The current job market is VERY, VERY competitive you need to sharpen your skills!
The better interviewer gets the job, not the smartest person
Interviewing is a skill, the more you practice, the better you become
Now let’s get back to the problem….
You are given an array and an integer.
In one operation, you can pick two numbers from the array whose sum equals k and remove them from the array.
Return the maximum number of operations you can perform on the array.
Let’s analyze some keywords in this problem…
It’s looking for the number of pairs and the indices are not important there we can … sort!
The first step is to sort the array and then apply the two-pointer pattern.
Once sorted we can apply the two-pointer technique.

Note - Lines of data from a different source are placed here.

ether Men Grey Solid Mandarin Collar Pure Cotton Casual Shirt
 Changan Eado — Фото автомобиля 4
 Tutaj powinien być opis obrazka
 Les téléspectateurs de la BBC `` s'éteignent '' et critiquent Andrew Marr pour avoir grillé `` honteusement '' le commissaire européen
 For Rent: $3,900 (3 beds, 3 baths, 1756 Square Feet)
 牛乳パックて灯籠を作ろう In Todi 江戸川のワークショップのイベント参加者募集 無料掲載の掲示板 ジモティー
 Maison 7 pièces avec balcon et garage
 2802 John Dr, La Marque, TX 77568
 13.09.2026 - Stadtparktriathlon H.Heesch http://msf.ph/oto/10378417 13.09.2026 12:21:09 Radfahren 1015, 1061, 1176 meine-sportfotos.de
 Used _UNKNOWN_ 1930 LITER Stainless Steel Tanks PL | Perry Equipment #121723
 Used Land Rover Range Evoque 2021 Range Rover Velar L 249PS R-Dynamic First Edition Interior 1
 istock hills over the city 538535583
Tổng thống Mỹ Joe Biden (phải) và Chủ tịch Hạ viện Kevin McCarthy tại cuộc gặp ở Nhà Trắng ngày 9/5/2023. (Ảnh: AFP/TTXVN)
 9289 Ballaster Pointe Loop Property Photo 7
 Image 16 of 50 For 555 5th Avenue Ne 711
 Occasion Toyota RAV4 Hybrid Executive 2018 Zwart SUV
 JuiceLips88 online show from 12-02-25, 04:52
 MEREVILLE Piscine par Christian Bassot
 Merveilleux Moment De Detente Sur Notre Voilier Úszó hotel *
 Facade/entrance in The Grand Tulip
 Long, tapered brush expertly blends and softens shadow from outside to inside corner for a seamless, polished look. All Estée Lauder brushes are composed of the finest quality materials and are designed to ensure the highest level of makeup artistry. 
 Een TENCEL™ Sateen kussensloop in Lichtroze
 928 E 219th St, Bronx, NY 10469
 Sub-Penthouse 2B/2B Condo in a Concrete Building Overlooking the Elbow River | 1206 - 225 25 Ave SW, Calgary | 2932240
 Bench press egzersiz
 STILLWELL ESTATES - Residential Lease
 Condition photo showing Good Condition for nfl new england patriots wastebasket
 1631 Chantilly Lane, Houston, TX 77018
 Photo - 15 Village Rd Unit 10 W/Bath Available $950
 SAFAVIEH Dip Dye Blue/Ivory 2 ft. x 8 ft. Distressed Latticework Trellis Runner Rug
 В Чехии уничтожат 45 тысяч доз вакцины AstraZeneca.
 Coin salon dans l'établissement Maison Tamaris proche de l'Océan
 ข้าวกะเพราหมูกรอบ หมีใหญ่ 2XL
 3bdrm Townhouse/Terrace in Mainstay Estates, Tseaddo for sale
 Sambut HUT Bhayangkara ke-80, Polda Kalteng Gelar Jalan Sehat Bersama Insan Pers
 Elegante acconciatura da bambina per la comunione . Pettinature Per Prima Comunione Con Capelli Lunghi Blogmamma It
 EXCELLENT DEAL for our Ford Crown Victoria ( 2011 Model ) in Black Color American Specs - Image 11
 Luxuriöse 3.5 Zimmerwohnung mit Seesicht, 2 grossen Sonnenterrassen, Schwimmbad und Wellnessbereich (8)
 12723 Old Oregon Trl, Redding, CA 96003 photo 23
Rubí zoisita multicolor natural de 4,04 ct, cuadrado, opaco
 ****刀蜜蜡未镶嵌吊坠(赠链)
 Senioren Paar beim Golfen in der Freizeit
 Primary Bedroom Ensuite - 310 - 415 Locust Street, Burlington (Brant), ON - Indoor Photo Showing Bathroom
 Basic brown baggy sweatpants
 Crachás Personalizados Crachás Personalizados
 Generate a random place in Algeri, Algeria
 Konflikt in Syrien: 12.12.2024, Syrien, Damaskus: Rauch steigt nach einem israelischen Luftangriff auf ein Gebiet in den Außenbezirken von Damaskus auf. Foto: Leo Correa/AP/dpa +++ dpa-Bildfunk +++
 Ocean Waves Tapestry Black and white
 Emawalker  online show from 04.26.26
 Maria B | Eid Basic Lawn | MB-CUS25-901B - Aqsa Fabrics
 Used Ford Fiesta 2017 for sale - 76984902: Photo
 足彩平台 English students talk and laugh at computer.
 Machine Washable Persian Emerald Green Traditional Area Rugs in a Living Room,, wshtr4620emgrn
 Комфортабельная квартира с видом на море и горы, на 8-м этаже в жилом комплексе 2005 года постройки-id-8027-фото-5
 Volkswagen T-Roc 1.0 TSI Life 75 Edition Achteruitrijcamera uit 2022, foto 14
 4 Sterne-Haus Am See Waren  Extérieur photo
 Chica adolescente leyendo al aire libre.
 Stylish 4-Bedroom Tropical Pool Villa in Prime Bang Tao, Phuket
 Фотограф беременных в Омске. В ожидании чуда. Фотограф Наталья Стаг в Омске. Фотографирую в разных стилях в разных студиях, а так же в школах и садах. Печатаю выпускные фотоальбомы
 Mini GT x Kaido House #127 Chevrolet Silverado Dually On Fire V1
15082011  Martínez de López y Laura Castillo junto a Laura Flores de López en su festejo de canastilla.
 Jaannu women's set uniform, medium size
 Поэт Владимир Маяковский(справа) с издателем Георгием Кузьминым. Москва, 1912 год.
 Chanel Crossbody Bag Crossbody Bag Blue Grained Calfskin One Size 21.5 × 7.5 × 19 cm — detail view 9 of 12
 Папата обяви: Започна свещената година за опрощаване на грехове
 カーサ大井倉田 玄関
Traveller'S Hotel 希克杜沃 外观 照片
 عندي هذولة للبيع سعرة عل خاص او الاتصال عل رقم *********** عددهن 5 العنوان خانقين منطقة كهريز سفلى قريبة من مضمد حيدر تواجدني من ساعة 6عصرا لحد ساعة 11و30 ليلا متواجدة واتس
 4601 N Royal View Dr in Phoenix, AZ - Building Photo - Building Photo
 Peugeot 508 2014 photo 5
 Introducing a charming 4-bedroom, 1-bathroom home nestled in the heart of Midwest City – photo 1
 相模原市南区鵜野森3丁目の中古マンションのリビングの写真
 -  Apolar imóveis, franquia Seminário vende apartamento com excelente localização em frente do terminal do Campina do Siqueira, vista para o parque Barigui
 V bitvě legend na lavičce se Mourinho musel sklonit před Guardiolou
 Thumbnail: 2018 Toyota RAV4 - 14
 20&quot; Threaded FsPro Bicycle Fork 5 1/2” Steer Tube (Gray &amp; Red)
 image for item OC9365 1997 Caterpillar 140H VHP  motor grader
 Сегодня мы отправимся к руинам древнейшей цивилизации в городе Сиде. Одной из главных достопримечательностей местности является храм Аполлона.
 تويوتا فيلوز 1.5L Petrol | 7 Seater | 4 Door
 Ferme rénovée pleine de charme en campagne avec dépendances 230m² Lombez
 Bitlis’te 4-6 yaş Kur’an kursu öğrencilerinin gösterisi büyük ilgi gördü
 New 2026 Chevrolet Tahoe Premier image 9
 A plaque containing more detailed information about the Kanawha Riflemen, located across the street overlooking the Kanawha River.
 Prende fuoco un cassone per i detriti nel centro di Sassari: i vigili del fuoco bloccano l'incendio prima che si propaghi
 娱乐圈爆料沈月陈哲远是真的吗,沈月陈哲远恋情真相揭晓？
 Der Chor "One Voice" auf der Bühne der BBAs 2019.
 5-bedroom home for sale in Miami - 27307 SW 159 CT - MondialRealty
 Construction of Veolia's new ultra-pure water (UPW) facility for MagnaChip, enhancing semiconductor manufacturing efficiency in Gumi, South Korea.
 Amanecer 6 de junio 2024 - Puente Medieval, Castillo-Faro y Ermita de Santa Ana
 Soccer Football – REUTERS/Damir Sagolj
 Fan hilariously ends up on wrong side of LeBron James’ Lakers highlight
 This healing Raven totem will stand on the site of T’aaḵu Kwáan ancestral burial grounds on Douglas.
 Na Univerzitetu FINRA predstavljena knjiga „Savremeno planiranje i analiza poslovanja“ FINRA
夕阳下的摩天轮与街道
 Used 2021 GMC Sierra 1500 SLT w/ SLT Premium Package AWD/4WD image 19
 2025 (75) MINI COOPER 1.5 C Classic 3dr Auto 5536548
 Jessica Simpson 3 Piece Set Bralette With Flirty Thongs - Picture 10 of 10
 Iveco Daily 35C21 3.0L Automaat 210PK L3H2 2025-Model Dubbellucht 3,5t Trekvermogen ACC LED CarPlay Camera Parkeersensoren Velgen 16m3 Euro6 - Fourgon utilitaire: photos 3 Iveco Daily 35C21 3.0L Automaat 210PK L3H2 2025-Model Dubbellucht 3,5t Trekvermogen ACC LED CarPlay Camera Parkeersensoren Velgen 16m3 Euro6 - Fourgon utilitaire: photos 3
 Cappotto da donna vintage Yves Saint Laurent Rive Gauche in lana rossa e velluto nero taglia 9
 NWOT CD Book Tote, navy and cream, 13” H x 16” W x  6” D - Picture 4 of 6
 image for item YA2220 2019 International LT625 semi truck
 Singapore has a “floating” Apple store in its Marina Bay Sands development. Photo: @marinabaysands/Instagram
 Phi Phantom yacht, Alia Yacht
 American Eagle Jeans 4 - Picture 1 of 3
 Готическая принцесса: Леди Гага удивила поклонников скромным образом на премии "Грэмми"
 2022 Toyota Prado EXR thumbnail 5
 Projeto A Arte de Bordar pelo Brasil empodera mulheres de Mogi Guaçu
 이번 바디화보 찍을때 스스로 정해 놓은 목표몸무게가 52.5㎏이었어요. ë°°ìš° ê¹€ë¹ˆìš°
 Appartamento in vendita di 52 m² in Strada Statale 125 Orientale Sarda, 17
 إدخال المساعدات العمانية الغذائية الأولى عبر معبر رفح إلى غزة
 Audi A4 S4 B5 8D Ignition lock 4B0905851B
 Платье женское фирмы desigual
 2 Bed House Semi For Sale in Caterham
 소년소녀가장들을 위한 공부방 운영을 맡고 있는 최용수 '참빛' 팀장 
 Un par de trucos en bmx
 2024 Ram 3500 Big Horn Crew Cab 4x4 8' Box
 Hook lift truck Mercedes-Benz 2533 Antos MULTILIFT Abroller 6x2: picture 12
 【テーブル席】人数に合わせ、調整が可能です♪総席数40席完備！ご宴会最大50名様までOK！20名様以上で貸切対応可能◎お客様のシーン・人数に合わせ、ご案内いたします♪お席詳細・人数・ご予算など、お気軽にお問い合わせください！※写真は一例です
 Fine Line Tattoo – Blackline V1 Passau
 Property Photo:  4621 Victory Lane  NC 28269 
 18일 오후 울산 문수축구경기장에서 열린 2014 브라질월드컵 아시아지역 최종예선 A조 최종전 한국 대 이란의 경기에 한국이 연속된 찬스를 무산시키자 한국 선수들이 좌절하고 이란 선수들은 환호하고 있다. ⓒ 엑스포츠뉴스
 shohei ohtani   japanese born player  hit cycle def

Initialize your Left and Right pointers:
L=0
R= arr.size()
Pairs=0
If (arr[L] + arr[R]) < K, move the Left pointer one step to the right.
If (arr[L] + arr[R]) > K, move the Right pointer one step to the left.
If (arr[L] + arr[R]) == K, move both pointers, increment the number of pairs
Lets's look at an example…
Day 7
Here is the complete solution…
Problem: Maximum Operations to Make Array Sum Equal to K
#include <iostream>
#include <vector>
#include <algorithm>
class Solution {
public:
int maxOperations(vector<int>& nums, int k) {
int pairs = 0;
int L = 0;
int R = nums.size() - 1;
sort(nums.begin(), nums.end());
while (L < R) {
if (nums[L] + nums[R] == k) {
L++;
R--;
pairs++;
}
else if (nums[L] + nums[R] < k) {
L++;
}
else {
R--;
}
}
return pairs;
}
};
What would the time complexity of this solution be?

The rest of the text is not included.